- Data to process
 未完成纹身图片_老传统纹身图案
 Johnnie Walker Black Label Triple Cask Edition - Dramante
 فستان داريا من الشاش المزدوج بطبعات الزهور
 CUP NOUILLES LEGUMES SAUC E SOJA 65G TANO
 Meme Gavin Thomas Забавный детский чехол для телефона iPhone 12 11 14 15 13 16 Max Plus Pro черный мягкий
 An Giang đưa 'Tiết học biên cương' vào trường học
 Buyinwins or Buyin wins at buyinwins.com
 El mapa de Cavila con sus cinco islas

- Activity
A precise copy of the whole listing is the expected answer.

- Answer to the problem
 未完成纹身图片_老传统纹身图案
 Johnnie Walker Black Label Triple Cask Edition - Dramante
 فستان داريا من الشاش المزدوج بطبعات الزهور
 CUP NOUILLES LEGUMES SAUC E SOJA 65G TANO
 Meme Gavin Thomas Забавный детский чехол для телефона iPhone 12 11 14 15 13 16 Max Plus Pro черный мягкий
 An Giang đưa 'Tiết học biên cương' vào trường học
 Buyinwins or Buyin wins at buyinwins.com
 El mapa de Cavila con sus cinco islas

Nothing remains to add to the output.